2. Replace the placeholders in the following path with the specific values that you noted in step 1:

   & "<Path to SDK bin folder>\x64\signtool.exe" sign /v /debug /fd SHA256 /tr "http://timestamp.acs.microsoft.com" /td SHA256 /dlib "<Path to Trusted Signing dlib bin folder>\x64\Azure.CodeSigning.Dlib.dll" /dmdf "<Path to metadata file>\metadata.json" <File to sign>
   

• Both the x86 and the x64 version of SignTool are included in the Windows SDK. Be sure to reference the corresponding version of Azure.CodeSigning.Dlib.dll. The preceding example is for the x64 version of SignTool.
• Make sure that you use the recommended Windows SDK version in the dependencies that are listed at the beginning of this article or the dlib file won't work.

Trusted Signing certificates have a three-day validity, so time stamping is critical for continued successful validation of a signature beyond that three-day validity period. Trusted Signing recommends the use of Trusted Signing’s Microsoft Public RSA Time Stamping Authority: http://timestamp.acs.microsoft.com/.

Use other signing integrations with Trusted Signing

You can also use the following tools or platforms to set up signing integrations with Trusted Signing.

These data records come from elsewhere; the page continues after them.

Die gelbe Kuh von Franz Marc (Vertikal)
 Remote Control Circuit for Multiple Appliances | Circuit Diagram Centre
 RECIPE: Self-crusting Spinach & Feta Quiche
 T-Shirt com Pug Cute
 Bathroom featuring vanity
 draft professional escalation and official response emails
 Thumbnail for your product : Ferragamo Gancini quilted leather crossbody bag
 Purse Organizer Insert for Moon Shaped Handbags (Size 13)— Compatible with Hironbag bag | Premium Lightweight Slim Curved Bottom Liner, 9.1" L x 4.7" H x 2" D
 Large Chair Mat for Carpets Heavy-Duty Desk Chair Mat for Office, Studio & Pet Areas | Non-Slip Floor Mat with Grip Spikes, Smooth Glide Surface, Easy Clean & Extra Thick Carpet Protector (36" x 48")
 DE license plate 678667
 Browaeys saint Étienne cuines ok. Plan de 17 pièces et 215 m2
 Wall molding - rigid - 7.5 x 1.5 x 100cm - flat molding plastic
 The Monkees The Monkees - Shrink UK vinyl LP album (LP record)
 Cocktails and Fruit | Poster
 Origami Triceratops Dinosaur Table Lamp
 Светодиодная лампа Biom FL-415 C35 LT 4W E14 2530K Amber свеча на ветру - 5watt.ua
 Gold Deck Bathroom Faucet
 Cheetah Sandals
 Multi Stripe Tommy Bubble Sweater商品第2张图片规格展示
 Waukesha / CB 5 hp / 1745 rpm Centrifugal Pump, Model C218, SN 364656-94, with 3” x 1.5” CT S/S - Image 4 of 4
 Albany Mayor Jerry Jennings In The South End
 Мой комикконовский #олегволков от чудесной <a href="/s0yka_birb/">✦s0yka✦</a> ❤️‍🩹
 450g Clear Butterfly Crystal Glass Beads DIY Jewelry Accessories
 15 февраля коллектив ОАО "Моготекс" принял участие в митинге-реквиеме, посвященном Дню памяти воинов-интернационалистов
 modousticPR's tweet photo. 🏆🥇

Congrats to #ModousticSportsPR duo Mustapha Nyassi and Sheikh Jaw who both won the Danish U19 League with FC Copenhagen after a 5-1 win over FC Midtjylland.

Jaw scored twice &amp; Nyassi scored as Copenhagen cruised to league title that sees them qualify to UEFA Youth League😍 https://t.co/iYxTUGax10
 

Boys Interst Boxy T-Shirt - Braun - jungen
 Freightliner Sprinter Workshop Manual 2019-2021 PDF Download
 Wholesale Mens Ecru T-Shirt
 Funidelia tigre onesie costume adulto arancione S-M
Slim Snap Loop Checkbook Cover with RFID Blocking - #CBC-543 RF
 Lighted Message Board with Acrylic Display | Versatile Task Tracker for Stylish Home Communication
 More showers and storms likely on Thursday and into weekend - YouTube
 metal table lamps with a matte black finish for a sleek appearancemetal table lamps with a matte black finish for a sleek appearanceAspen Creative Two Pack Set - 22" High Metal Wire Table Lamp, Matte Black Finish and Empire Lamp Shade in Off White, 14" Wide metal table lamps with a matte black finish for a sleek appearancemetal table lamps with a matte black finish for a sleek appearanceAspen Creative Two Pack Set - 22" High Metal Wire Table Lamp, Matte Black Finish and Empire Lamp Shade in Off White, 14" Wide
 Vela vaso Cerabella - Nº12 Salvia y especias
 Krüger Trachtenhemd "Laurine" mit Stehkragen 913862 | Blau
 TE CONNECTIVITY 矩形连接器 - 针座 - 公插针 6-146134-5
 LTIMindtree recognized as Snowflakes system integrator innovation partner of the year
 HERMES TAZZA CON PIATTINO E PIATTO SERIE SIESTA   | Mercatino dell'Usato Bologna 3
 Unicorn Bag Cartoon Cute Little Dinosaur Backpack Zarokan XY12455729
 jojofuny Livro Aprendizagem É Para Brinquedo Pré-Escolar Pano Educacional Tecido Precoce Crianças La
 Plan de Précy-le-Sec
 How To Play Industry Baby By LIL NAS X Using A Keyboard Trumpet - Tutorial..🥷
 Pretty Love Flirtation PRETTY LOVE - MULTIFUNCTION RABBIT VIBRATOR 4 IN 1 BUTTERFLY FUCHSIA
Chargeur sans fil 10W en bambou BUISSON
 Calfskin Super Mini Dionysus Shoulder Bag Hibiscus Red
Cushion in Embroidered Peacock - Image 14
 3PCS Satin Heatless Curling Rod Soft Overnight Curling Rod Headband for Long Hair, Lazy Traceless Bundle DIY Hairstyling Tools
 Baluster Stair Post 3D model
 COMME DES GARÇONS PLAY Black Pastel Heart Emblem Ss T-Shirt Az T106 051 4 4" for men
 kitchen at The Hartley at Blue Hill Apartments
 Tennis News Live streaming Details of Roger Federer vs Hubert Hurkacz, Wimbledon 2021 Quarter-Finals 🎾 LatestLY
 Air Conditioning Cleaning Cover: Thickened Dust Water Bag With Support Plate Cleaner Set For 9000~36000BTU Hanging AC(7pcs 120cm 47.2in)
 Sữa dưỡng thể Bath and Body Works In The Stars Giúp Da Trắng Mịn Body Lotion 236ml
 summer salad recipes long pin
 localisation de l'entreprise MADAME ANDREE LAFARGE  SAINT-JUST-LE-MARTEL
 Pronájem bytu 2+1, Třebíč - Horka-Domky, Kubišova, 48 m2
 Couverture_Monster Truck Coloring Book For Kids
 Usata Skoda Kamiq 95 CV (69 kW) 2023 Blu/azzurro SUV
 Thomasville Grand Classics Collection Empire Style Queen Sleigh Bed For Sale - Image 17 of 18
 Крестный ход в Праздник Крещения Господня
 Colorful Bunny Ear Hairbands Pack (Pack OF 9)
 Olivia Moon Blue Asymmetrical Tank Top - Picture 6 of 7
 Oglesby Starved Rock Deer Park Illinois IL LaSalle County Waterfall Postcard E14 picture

• GitHub Actions: To learn how to use a GitHub action for Trusted Signing, see Trusted Signing - Actions in GitHub Marketplace. Complete the instructions to set up and use a GitHub action.

• Azure DevOps task: To use the Trusted Signing Azure DevOps task, see Trusted Signing in Visual Studio Marketplace. Complete the instructions for setup.

• PowerShell for Authenticode: To use PowerShell for Trusted Signing, see Trusted Signing in PowerShell Gallery to install the PowerShell module.

• Azure PowerShell - App Control for Business CI policy: To use Trusted Signing for code integrity (CI) policy signing, follow the instructions in Sign a new CI policy and see Az.CodeSigning PowerShell Module.

• Trusted Signing SDK: To create your own signing integration, you can use our open-source Trusted Signing SDK.

• Azure.Developer.TrustedSigning.CryptoProvider: Simplifies integration of the service with a .NET crypto provider that abstracts the service endpoint integration from the consumer.